(What is required): Skipping any pictures, give all of the records below again exactly.

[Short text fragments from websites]

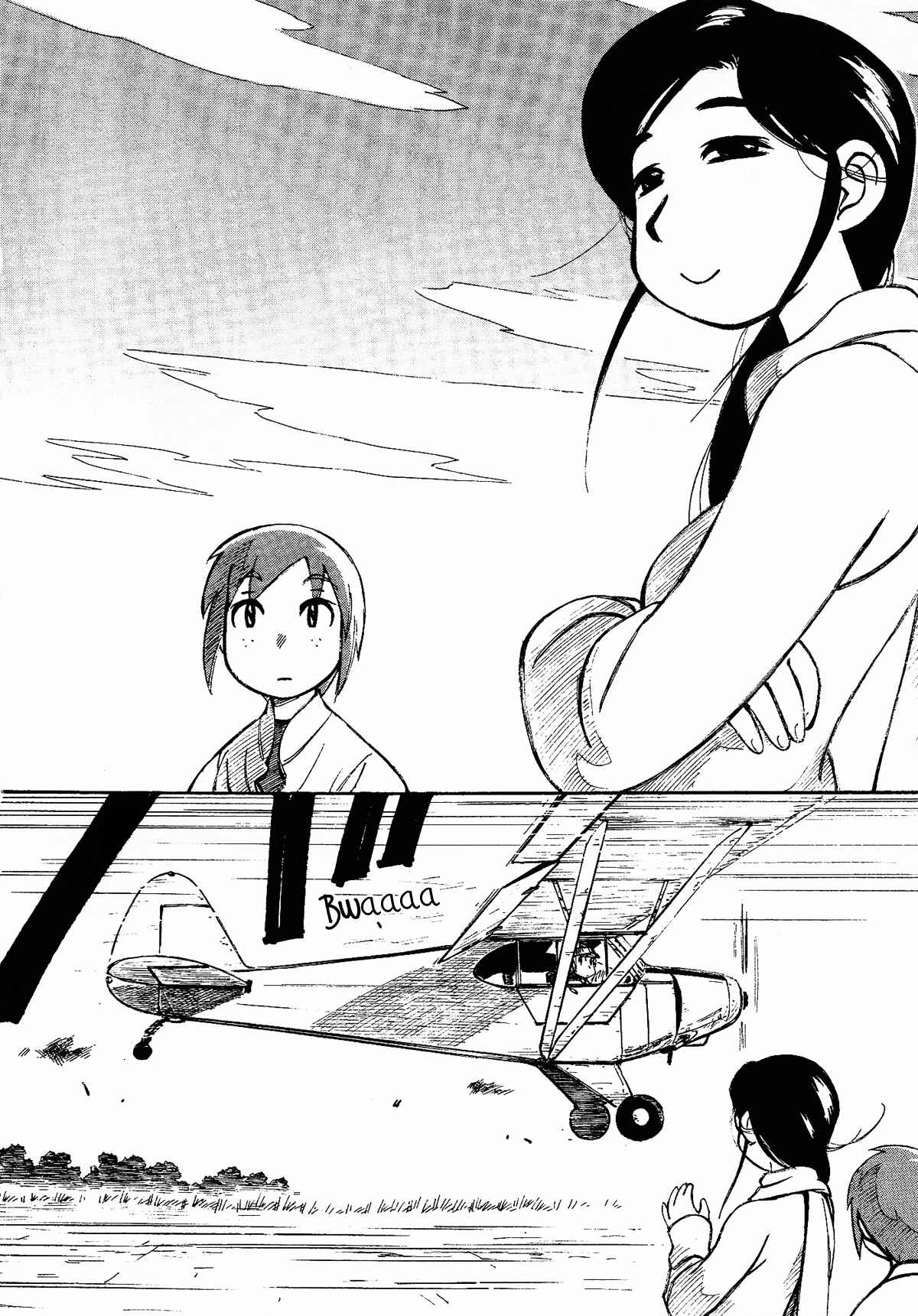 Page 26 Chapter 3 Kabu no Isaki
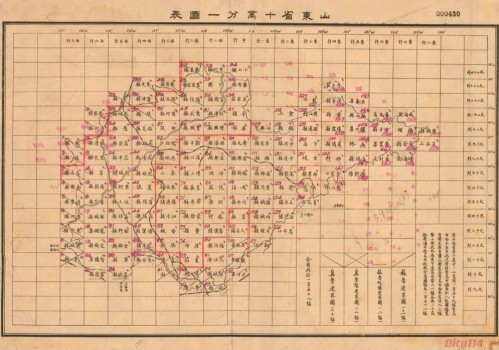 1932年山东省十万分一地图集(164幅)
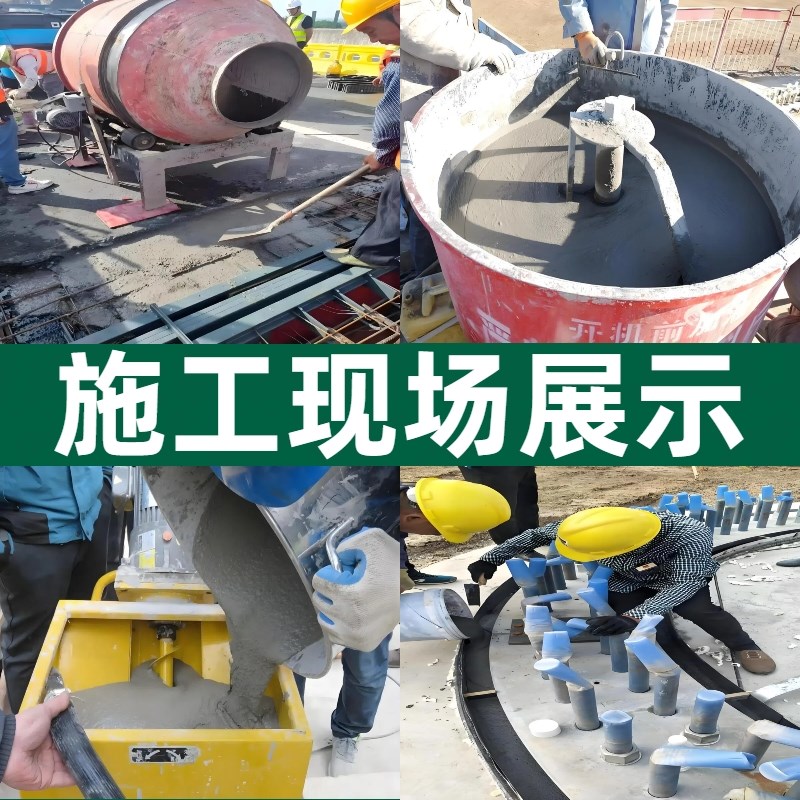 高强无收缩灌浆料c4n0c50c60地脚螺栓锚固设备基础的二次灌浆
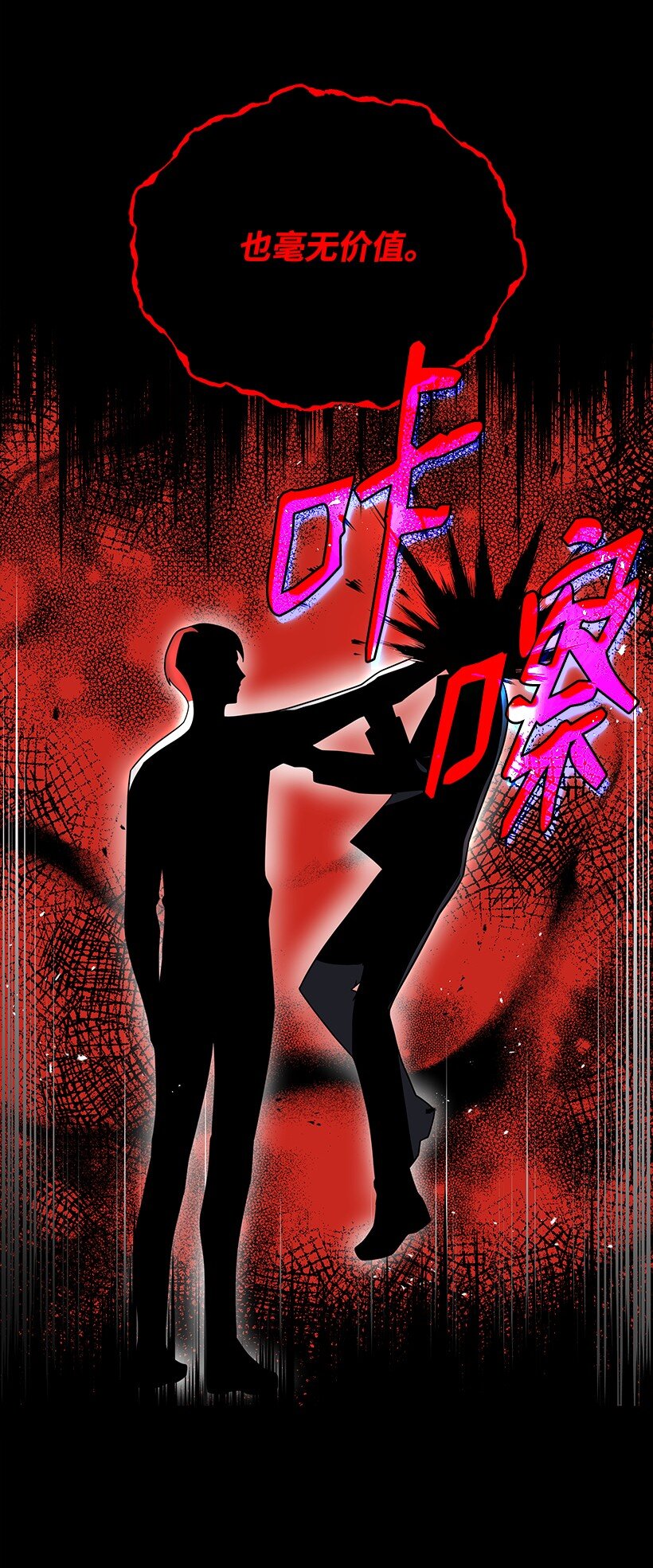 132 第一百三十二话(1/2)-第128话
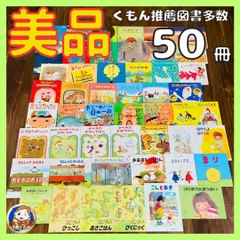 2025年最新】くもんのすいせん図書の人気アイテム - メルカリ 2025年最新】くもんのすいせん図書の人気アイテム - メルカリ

(Response to the exercise):
 Page 26 Chapter 3 Kabu no Isaki
 1932年山东省十万分一地图集(164幅)
 高强无收缩灌浆料c4n0c50c60地脚螺栓锚固设备基础的二次灌浆
 132 第一百三十二话(1/2)-第128话
 2025年最新】くもんのすいせん図書の人気アイテム - メルカリ 2025年最新】くもんのすいせん図書の人気アイテム - メルカリ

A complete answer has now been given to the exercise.